So glad I decided to be a good consumer and buy a legit copy instead of downloading a h.264 version that would work in everything (and be convertible even if it didn't).

Now I get to illegally download a de-DRMed version of the file I legitimately bought last night just so I can actually watch it.

DRM sucks and Microsoft DRM sucks the hardest.

I've never understood why companies would deliberately make their product less useful or trustworthy than the pirated version.

I've bought numerous music CD's that would not play in my car or on my computer. I actually NEEDED to download a pirated version to be able to play an album that I had a perfectly good and legal copy of to be able listen to it. And after Sony decided that installing malicious software on their customer's personal computers was an acceptable practice, it has become, at the very least, as safe to download an album from a sketchy internet site as to legally purchase it.

DVD's have been less directly malicious, but I have at least one DVD that has an excess of 10 minutes of unskippable FBI warnings, "You wouldn't steal a..." spots, trailers for movies that were in theaters two years ago. Christ, I just wanted to watch a damned movie.

If the pirated version is SIGNIFICANTLY more user friendly than the legit version, with little to no loss in quality, should companies be surprised when people make a conscious choice to download the pirated version? Especially when most places don't let you return opened CD's or DVD's if they don't work, and no I don't want to exchange it for another non working copy, and store credit is only useful if you have something I want to buy.

Euge, Iamanangelchaser, euge!

People really struggle with bypassing CSS? Something like DVD Decrypter is free and readily available. I'm surprised that in their searching, they never came upon videohelp.com, as it tends to be my first stop when I have questions about how to do something with video. Perhaps their google-fu is weak...

Bypassing CSS isn't particularly difficult, no, but the point is that people shouldn't have to illegally (yes, it is illegal) bypass products that they legally own. DVD decrypting software also doesn't solve the problems associated with video games and other products that "call home" to servers that may well turn out to be offline or otherwise unreachable. In the end, the problems people are having are simple, that is, playing back the content they obtained purchased. Why should the consumer have to spend 20 minutes googling for answers on how to play a goddamn movie only to find that the only solution is to install something like AnyDVD (a nice little piece of software I might add) to bypass security features that the pirates obviously have no problem getting around themselves? The whole thing is an exercise in futility and makes it clear that the companies enacting these policies assume the end user is a criminal rather than a customer.

DRM is folly. But it doesn't turn anyone into anything. People respond to DRM however they choose. As several have posted they responded other than piracy.

Certainly DRM encourages people to believe that the legal methods don't work. In such circumstances the temptation to try illegal methods explodes. And many will yield.

POUSTMAN you make it sound like obeying according to or against the law is an intrinsic human trait rather than simply an accident of where arbitrary remotely-designed and non-naturally-obvious rules happen to intersect our ordinary day-to-day activities.

8)

VHS tapes have been known to have forms of DRM built into them, as well.

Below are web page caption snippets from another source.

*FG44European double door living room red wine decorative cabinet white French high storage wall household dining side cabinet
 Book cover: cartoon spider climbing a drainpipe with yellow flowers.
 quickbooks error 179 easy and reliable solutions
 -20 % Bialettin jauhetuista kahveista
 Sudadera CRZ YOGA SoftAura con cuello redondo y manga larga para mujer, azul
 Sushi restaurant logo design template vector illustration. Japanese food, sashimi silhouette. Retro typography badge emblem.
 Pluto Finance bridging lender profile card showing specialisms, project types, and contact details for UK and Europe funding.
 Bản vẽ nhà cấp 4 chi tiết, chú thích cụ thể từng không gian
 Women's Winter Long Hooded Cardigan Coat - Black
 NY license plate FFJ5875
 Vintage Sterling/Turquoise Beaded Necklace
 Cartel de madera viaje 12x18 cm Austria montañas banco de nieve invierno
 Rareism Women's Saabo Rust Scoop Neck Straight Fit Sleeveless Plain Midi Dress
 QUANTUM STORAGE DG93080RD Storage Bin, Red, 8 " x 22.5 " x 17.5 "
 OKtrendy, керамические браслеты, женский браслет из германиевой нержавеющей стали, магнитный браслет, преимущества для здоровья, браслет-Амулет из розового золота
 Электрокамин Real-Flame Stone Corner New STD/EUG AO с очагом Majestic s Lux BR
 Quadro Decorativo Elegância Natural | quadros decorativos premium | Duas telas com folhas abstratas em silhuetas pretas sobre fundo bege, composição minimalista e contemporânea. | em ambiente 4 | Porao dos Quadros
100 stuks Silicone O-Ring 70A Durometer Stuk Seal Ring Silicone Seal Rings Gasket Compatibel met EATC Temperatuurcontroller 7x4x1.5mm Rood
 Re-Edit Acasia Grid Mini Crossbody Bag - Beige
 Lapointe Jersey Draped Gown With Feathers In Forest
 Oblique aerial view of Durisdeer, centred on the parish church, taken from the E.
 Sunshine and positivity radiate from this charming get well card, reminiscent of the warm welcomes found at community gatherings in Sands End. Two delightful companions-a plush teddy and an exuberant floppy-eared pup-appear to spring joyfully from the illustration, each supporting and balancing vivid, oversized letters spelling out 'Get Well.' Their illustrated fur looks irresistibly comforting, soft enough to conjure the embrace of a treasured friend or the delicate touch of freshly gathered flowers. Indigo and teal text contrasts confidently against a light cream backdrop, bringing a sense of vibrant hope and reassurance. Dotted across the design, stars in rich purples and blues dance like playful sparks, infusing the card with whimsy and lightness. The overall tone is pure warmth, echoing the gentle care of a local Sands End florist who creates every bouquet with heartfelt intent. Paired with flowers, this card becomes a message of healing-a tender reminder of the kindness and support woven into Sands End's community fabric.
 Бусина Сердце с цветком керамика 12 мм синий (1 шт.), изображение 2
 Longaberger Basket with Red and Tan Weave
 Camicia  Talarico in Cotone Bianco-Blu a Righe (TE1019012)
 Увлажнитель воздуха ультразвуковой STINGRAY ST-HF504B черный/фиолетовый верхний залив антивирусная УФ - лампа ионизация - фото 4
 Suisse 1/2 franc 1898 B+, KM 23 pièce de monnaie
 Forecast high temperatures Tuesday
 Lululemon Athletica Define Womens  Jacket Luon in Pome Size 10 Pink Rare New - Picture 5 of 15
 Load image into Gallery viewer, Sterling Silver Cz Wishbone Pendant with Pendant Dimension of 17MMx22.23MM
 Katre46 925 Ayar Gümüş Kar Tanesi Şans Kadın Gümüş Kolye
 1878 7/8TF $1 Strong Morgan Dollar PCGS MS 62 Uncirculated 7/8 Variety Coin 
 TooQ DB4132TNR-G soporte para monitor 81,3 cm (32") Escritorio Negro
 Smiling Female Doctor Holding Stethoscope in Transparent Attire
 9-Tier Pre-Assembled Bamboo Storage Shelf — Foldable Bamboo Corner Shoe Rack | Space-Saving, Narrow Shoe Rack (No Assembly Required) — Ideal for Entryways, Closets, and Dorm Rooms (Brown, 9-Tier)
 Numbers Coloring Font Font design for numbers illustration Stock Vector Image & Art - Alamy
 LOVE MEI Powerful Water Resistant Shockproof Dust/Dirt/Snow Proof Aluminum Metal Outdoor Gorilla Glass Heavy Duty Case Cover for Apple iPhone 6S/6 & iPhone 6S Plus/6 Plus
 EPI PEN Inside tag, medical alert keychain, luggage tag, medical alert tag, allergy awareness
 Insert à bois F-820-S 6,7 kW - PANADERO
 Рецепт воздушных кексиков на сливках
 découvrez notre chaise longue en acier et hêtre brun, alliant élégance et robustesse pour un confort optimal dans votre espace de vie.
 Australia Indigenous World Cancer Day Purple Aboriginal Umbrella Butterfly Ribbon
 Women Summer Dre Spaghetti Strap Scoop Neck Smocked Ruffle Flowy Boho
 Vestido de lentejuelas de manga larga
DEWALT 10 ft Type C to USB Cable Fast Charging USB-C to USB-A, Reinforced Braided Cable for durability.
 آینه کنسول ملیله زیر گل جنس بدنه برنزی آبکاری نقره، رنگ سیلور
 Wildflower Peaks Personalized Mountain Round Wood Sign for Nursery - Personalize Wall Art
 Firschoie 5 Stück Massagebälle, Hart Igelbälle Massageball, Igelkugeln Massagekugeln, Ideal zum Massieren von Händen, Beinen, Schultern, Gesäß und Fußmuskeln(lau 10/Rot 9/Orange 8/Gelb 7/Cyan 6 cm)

It isn't composed software and isn't particularly sophisticated but it does require special measures to be taken to duplicate the tapes.

I started torrenting when the music CDs I bought stopped working on my CD player and installed hidden software on my PC because of DRM protection.

Seconded. Basically what the previous anon said.

I still buy CD's and DVD's and video games, but only as "trophies" or little merit badges to show that I support the creator of this content, yet have never varied from using the unprotected MP3's I downloaded before I bought the CD.
I'll buy a game, then torrent a copy that doesn't fuck over my computer if I try to install it.

DRM certainly turns people into pirates. I have a number of friends, and I count myself in the number as well, who have turned to pirating copies of music/tv shows/movies/ etc. as we change the way we interact with digital media. We have moved from VHS to DVD to Blue-Ray/HD-DVD, we have moved from CDs to Digital Purchases. We have have changed operating systems forcing us to either go to great (and legally questionable) lengths to convert our legally acquired [itunes] purchases to more cross-platform friendly formats. We have gone from Hard Copies of our movies on the previously mentioned formats to Hard drive based storage media requiring again, great (and legally questionable) lengths to do so. We have also, perhaps the second time we've made a conversion, simply made the decision to download pirated copies of the media we coincidentally own.

Certainly, in a world where scarcity of media is no longer in question and duplication is a matter of finding the right (and freely available) tool and where media piracy has become a matter of taste, it has become easier to simply pirate certain things we want rather than jump through the hoops of making an exchange of money for a good, a copy of which costs almost nothing to make (a fact of which we are accutely aware), which will require us, sometimes immediately, to convert it to the format we are currently using.

I remember the first time I circumvented DRM: I copied a VHS tape so I would have no fear in taking it around and when I watched the copy, I noticed it became alternately dark or washed out. It took me just a little searching (remember using infoseek?) to find that a company called Macrovision had prevented me from making a legitimate copy of something I paid $14 for (My allowance was $10 every two weeks). Needless to say, I found a way around it and fast became (and have since remained) the geek people come to when, for example, they want to quit using itunes use the tricked out linux desktop (almost stock ubuntu with compiz-fusion) I have but don't want to lose all the music they rightly paid for.

I recently had a conversation with a friend who was considering buying a copy of Windows Vista for his new PC simply so that he could keep using itunes and the music he paid for. People are becoming less willing to shell out money over and again for the "priviledge" of continuing to use what they have already paid (sometimes heavily) for. There will always be freeloaders who go to great lengths to get something for nothing (I don't hesitate to suggest that we all know at least one, and this isn't restricted to digital media by any means), but there are many, many more people who have turned to piracy as an easier means to circumvent DRM.

Well, I never considered pirate copies, for CDs or DVDs I own or plan to buy.
If you are a power user of these media or have a professional need to remove DRM and other protection schemes, the solution is to use software that removes these protections.
I use AnyDVD HD to rip thousands of CDs and DVDs, so I can listen to or watch them from my media library and make copies of them for personal mobile usage.
Torrent copies only encourage piracy for users that do not own these media, it is sad that the legit users do not realize they have problems thousands of other users share, for which solutions already exist.
Plus, audio quality is usually not very good for mp3s, I can't find half the CDs or DVDs I own, most ripped DVDs are actually just the movie in one language or subtitle and no bonus feature in some non-DVD media format, and the process is cumbersome and slow. By slow, I mean a DVD download can take days if it's a specialized item with few "seeds" or when the seeds are across ocean and continent.
Since new protection schemes are circumvented as soon as introduced, it is stupid for media labels to persist using DRM. It's the same for the region codes on DVDs. Users should not buy anything but an unzoned DVD player, nor play DVDs on their desktop/laptop computers without an unzoning software, or they'll be locked to a single region after only 3 region changes.